Кроме того, с момента Вильнюсского саммита очень много всего произошло вокруг. Украинский кризис сильно изменил восприятие. Может быть, пришло понимание, что в пространстве общего соседства очень много «пороховых бочек». Многие действия, на первый взгляд кажущиеся безобидными, могут привести к весьма печальным для всех последствиям. Нужно быть осторожными и не бежать впереди паровоза. Стараться соизмерять свои возможности с обстоятельствами, в которых приходится действовать.
- Следующий саммит «Восточного партнёрства» назначен на 2017 год. На Ваш взгляд, каким будет будущее самой программы?
- Формат подвергается резкой критике. Отчасти небезосновательно. Очень многое будет зависеть от того, что будет происходить в каждой из стран-партнёров. Допустим, из-за вопросов демократии и прав человека у Евросоюза обостряются отношения с Беларусью и Азербайджаном, может быть, и с Арменией. Возникает вопрос: имеет ли смысл поддержание этого единого формата? К тому же с каждой из стран, подписавших соглашение об ассоциации, у Евросоюза будет свой процесс интенсивного взаимодействия по всем направлениям, что не будет требовать проведения дополнительных многосторонних саммитов.
Притом что решение об очередном саммите принято, нельзя исключать, что к намеченному моменту станет понятно, что формат «Восточного партнёрства» исчерпал себя. Это один из возможных исходов.

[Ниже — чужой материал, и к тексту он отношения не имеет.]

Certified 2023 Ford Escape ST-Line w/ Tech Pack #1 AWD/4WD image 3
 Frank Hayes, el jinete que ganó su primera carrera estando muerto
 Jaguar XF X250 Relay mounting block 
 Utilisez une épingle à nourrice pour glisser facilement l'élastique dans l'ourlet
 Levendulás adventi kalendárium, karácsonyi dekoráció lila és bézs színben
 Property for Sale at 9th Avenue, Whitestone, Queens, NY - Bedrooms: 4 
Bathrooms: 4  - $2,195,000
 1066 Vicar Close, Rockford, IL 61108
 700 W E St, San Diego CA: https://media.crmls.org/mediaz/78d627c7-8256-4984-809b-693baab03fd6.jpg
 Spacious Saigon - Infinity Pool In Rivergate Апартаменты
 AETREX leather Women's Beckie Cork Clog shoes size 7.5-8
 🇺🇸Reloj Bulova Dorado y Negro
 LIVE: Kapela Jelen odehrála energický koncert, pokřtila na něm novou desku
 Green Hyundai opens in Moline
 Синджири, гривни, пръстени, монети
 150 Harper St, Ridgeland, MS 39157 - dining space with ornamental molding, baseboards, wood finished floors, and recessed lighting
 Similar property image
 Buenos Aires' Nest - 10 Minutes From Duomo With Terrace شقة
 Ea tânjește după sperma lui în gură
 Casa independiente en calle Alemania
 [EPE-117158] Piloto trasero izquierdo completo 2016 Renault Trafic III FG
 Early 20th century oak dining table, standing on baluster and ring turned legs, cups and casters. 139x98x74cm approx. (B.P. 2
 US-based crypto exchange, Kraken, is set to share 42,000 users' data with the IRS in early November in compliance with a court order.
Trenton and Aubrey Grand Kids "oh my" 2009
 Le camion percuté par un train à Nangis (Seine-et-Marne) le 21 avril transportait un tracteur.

Другой возможный исход состоит в том, что нет, напротив, в силу разных причин интерес той же Беларуси и Азербайджана к взаимодействию с Евросоюзом вырастет, они попытаются найти общий язык и компромиссные решения. Тогда, может быть, формат действительно заживёт новой жизнью. Но это менее вероятный исход, чем растаскивание «Восточного партнёрства» на отдельные двусторонние форматы отношений ЕС с разными странами-партнёрами.